Se chiediamo a chi ha tanti anni di contributi già versati ma a cui mancano ancora due o tre anni per arrivare alla pensione anticipata ordinaria con 42,10 anni di contributi cosa vorrebbe dal sistema, la risposta è senza dubbio una sola. E parliamo della quota 41 per tutti.
Se invece la stessa domanda la facciamo a chi ha una carriera più corta, tra i 33 ed i 35 anni di contributi, la risposta potrebbe essere una maggiore flessibilità anagrafica, nel senso che non si può dover arrivare per forza a 67 anni per andare in pensione.
Eppure, l’ultimo rapporto dell’INPS sottolineando in 64,2 anni di età quella media di uscita dal mondo del lavoro in Italia, dimostra come già oggi la flessibilità nel sistema ci sia. Eppure molti lavoratori chiedono misure di pensionamento anticipato, magari guardando al passato, alla quota 96 per esempio.

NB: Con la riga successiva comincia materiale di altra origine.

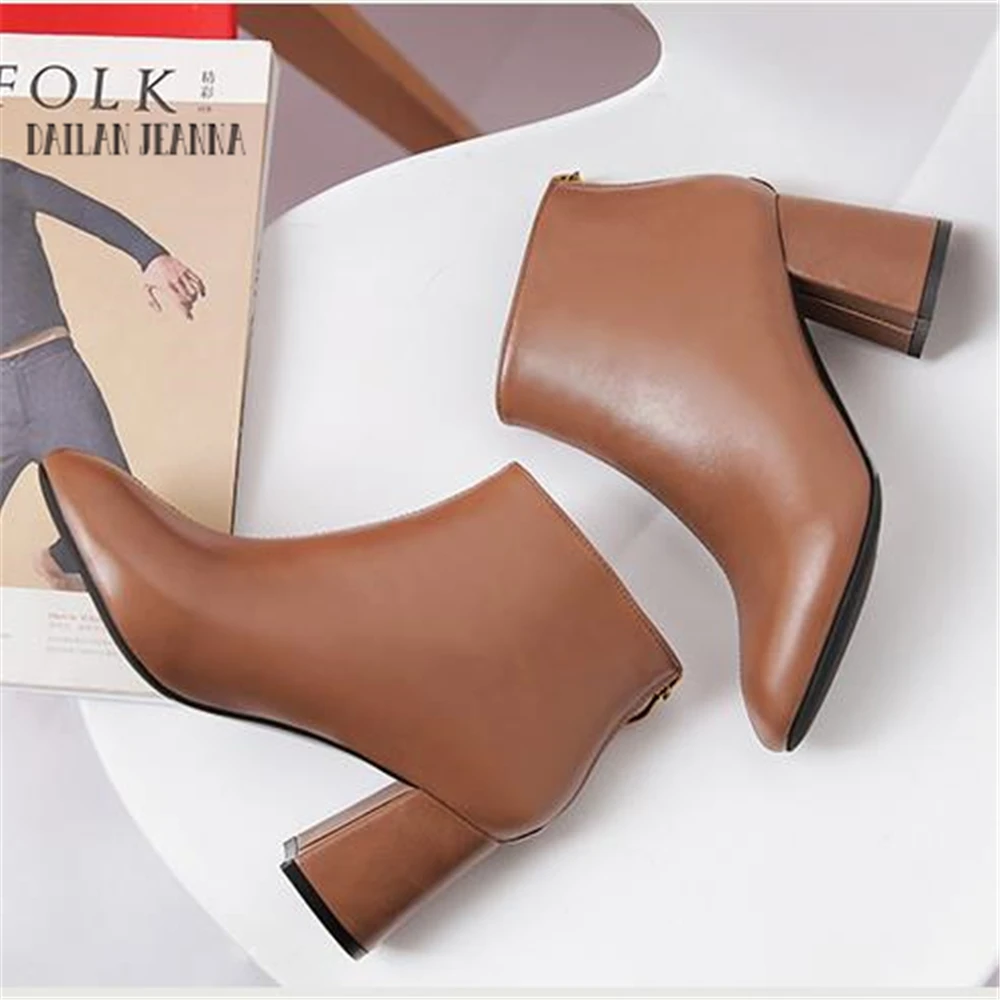 2018 г. Новые женские ботинки в Корейском стиле короткие на толстом каблуке с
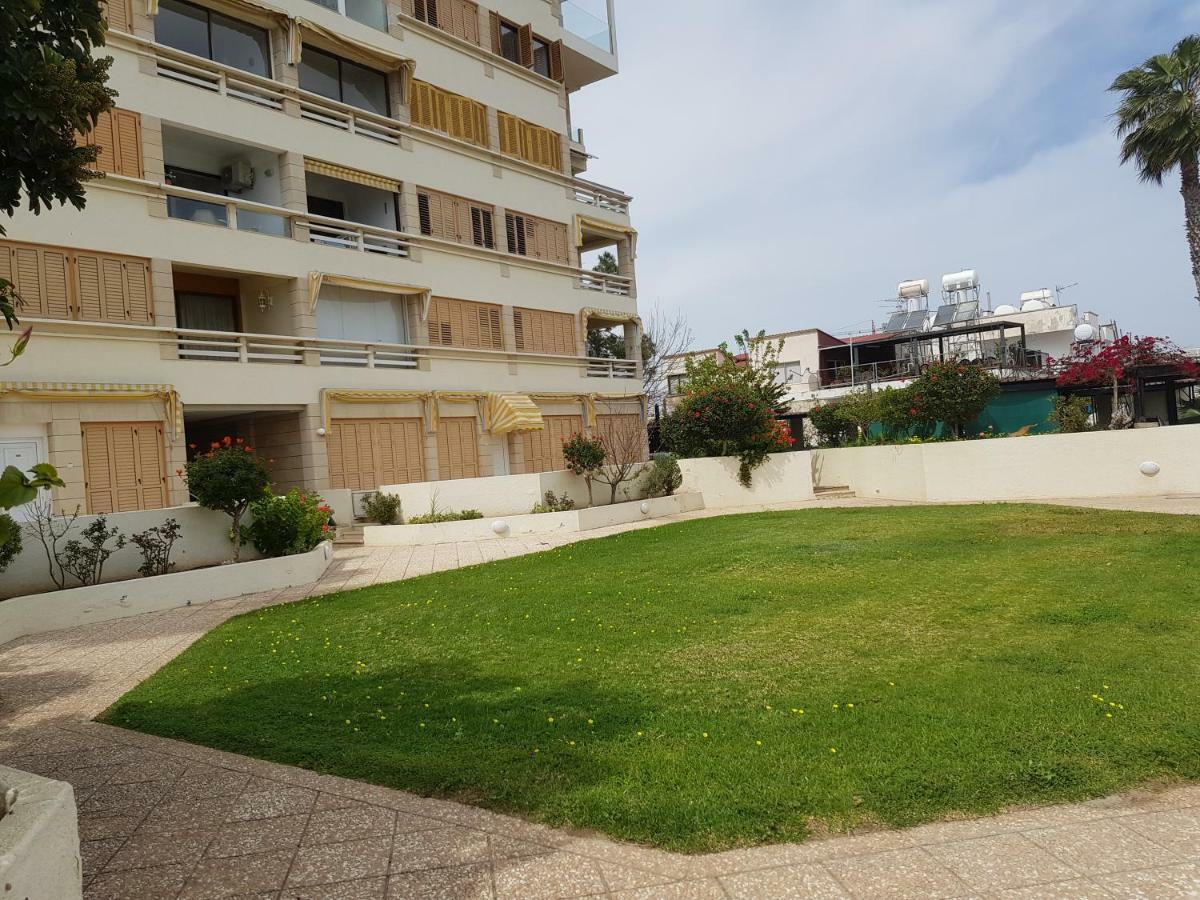 Haig'S Dream Flat On The Beach ラルナカ エクステリア 写真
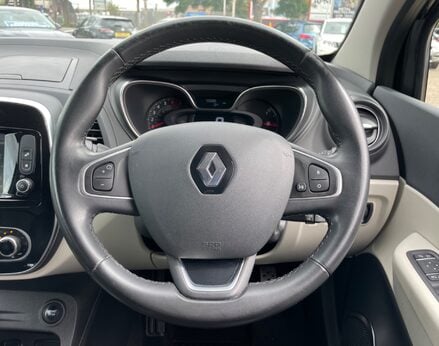 Renault Captur SIGNATURE X NAV TCE 19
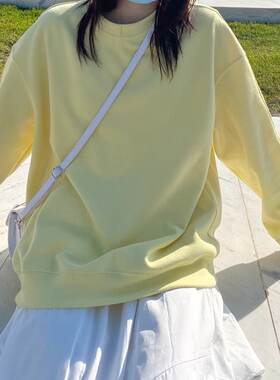 淡黄色卫衣女薄款圆领套头炸街高级感鹅黄色宽松甜美秋冬长袖上衣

Collegandola però ad alcune misure di oggi e facendo una sorta di mix in modo tale da rendere una misura del passato in linea con i tempi moderni.

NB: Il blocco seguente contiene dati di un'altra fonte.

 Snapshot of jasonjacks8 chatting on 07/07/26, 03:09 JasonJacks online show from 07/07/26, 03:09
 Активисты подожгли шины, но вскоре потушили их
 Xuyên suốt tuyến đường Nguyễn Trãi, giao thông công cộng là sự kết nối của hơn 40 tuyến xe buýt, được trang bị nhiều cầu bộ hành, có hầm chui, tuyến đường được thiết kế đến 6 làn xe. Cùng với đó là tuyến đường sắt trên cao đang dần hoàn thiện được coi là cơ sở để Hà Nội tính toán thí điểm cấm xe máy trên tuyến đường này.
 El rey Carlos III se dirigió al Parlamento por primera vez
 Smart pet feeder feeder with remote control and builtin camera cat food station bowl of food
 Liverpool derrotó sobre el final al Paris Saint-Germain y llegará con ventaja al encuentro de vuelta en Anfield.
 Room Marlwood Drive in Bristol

Riforma delle pensioni e la strana opzione quota 96 per uomini e donne
Perché se l’INPS dice che in Italia si esce in media a 64 anni e 2 mesi di età i lavoratori chiedono ancora flessibilità maggiore? Il discorso è uno solo. Nel nostro sistema non mancano le misure di flessibilità pensionistica. Anzi, forse ce ne sono troppe. Ma sono tutte misure che riguardano piccole platee di lavoratori, e che lasciano senza alcuna possibilità alternativa rispetto ai 67 anni tanti altri. E sono questi coloro che si lamentano. Infatti è vero che con 35 anni di versamenti ci sarebbero discrete possibilità di pensionamento.
Per esempio ci sarebbe lo scivolo usuranti, oppure opzione donna, o ancora l’Ape sociale. Nel primo caso bisogna svolgere una delle attività di lavoro usurante previsto, come possono essere i palombari, i minatori o i lavoratori che smaltiscono e trattano l’amianto. O ancora, gli autisti dei mezzi pubblici, gli operai delle fabbriche che lavorano nella linea a catena o i lavoratori notturni. Senza queste attività nulla da fare.
Per opzione donna e l’Ape sociale è lo stesso. Bisogna essere invalidi, caregiver, oppure disoccupati e addetti ai lavori gravosi (solo 15 tipologie di ulteriori attività lavorative) per l’Ape sociale o licenziate e alle prese con aziende in crisi (solo grandi aziende di interesse nazionale con tavoli di crisi avviati al Ministero) per opzione donna.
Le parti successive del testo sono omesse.